The Naxal attack shattered his carefully cultivated image of the able administrator. The campaign on which such a lot had come to depend looked absurd in the backdrop of the total lack of grip on the basics of administering law and order. It came as a deadly blow to his claims made earlier in the meetings of having successfully eliminated the Naxalite problem in some parts of the state and contained in the other. What later stood glaringly exposed was the absence of the government from a large part of the state’s map.
That far from being contained the problem has been steadily spreading to hitherto unaffected districts and areas also was known to the police and people living in such districts. Now the lists of fresh “encounters” and “sightings” became the hot topics of public discussion. Sensing the public mood, the newspapers started carrying stories which were earlier not published as perhaps the Vikas Yatra ads had been eating up too much of space.
As the initial shock gave way to a feeling of anger, the issue of governance—or the lack of it—came increasingly under the microscope of public opinion. Here Raman Singh the chief minister was found undefendable. And the party was made to calculate the price of merging two identities—that of a tough, no-nonsense leader like Narendra Modi and a silent achiever—into one.
The leadership issue is at the centre of the Congress confusion too. With Nand Kumar Patel, the leader it had groomed to lead the party, gone, there seems to be no quick replacement around.
Today it settled for Charan Das Mahant as the working president of the Pradesh Congress Committee. However, that does not mean an end to the leadership problem for the party.
The moment the news of Patel leaving the scene surfaced on television screens, Ajit Jogi grabbed the leadership role and reached the Raj Bhawan with a hundred or so of his supporters and made the demand of the dissolution of Raman Singh’s government and imposition of President’s rule.
This line was in opposition to what Manmohan Singh, Sonia and Rahul Gandhi and others were deliberating at that time in Delhi. This sent confusing signals to the party workers across the state and opened the floodgates of similar demands and created an awkward situation for the party. By the next day the PM and the Congress president arrived and stated the party’s official stand of cooperation and help from the Centre to the state government in its fight against the Maoists. But the party failed to make the irrepressible Jogi fall in line.

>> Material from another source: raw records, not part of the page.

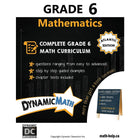 Dynamic Math - Cahier d'exercices, Atlantique, 6e année-Couvre le programme de mathématiques de 6e année des provinces de l'Atlantique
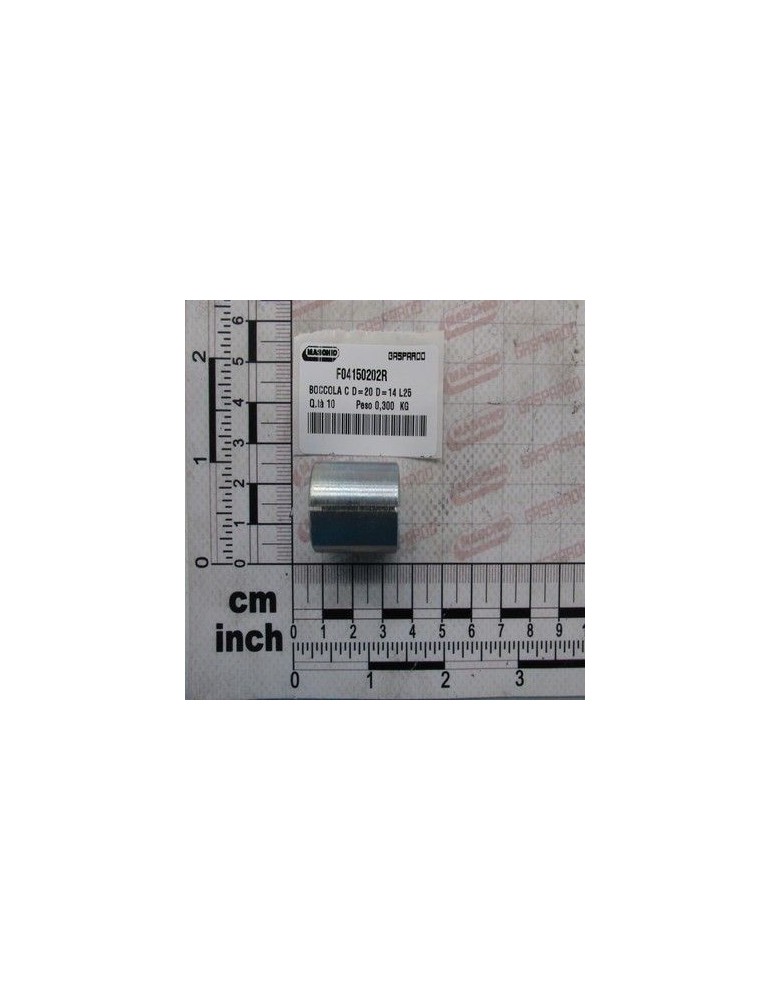 Maschio Gaspardo BUCSA CEMENTATA D-20 D-14 L25 F04150202R
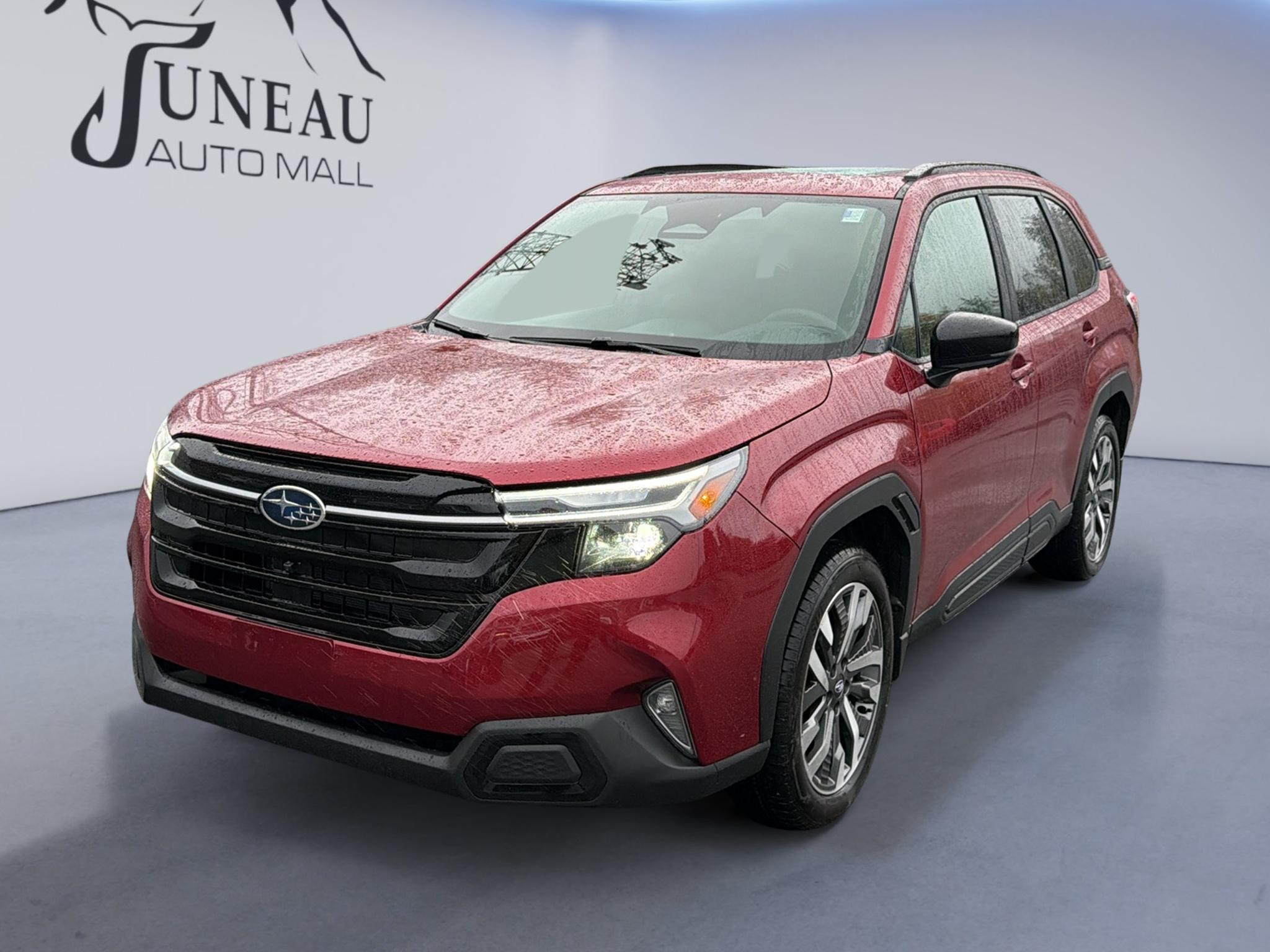 New 2026 Subaru Forester SUV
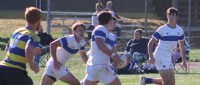 St. Xavier rebounded to win 3rd. Alex Goff photo.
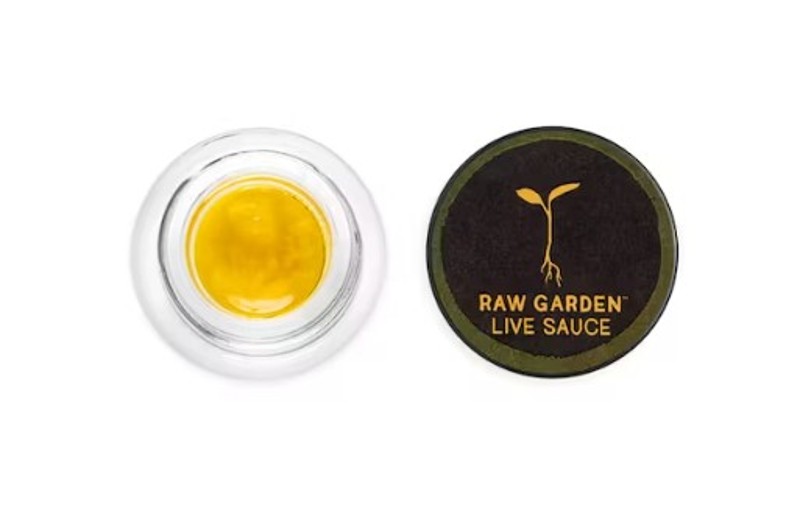 Raw Garden - Strawberry Gas - Sauce - 1 Gram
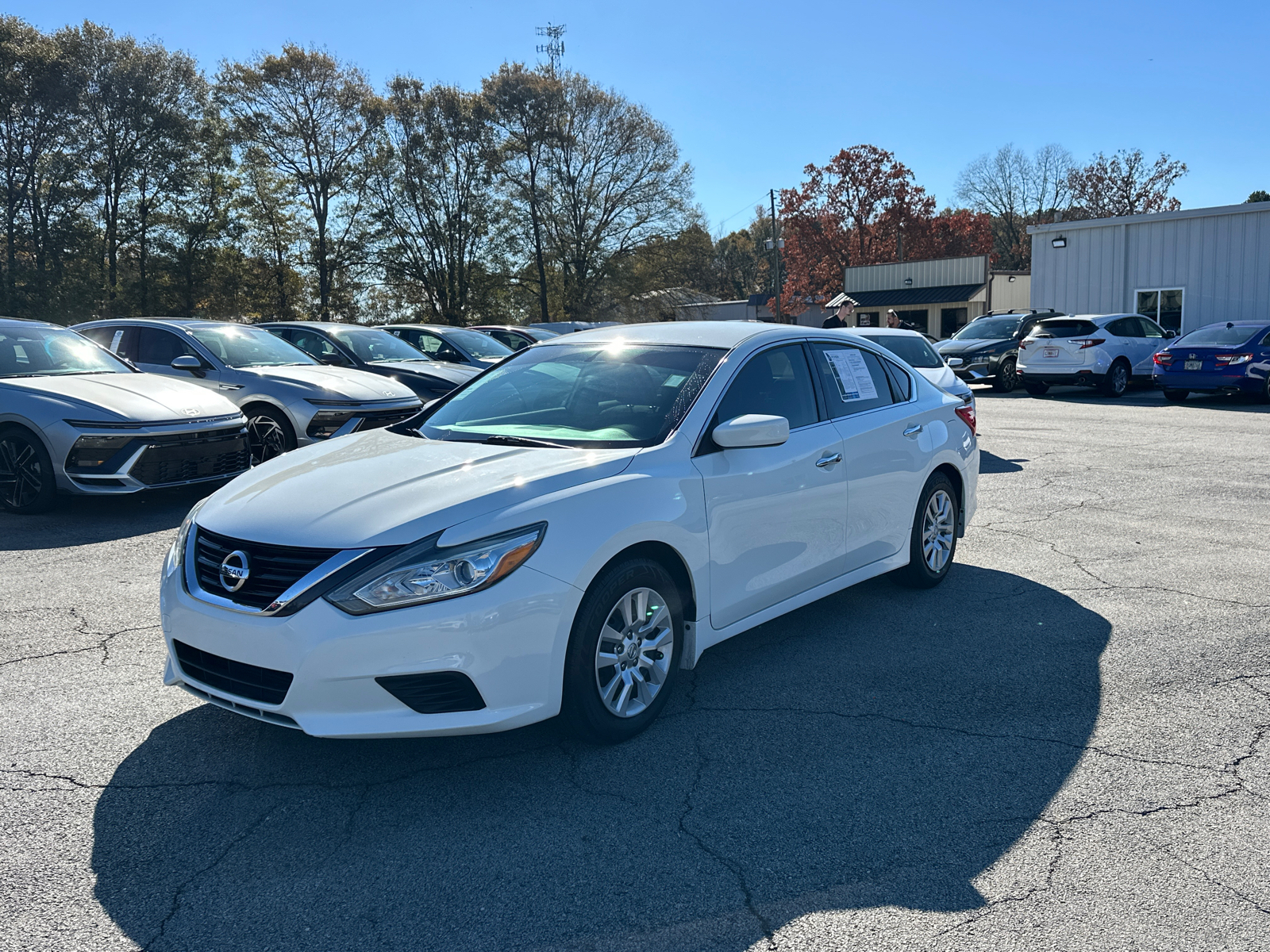 2017 Nissan Altima 2.5 S 3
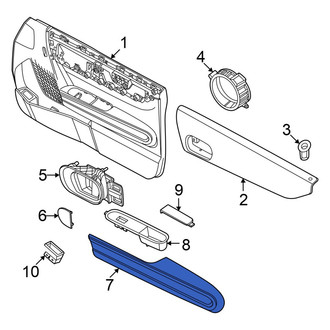 Mini OE - Front Left Door Armrest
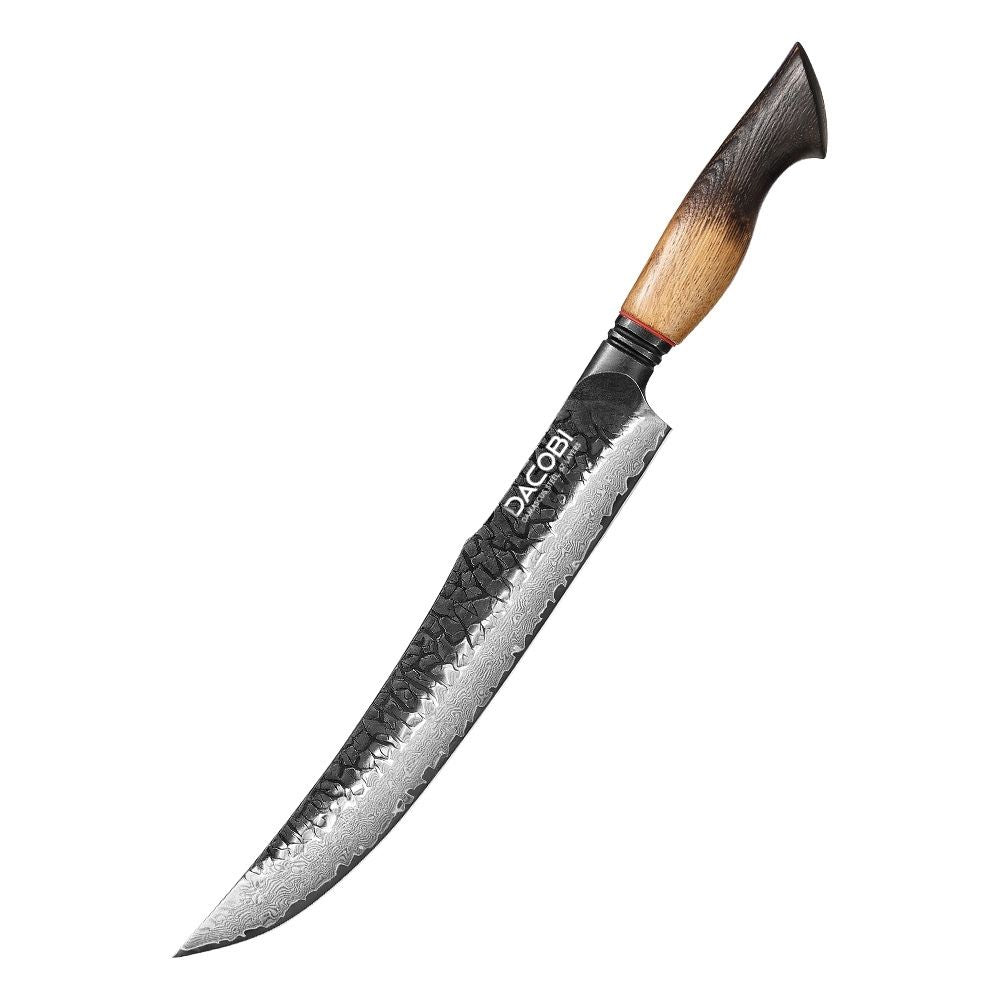 C71 Касапски нож, 25.5 cm, Дамаска стомана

Jogi has, perhaps inadvertently, provided the opening to the beleaguered BJP to divert the needle of suspicion from itself to Jogi and through him to his party. Jogi had returned in a helicopter after attending the Sukma public meeting leaving the others to carry on in the motorcade which was attacked some distance away. Another Congressman almost accused by the BJP to be a party to the “conspiracy” is Kawasi Lakhma – the MLA who was let off by the Maoists. In the camp politics of the Congress Lakhma is considered close to Jogi.
Meanwhile, the Congress has decided to show signs of defiance and is planning to re-start its Parivartan Yatra from the site of the ambush where it had come to an abrupt halt on 25 May. The yatra would be renamed either Shraddhanjali Yatra or Sadbhavna Yatra.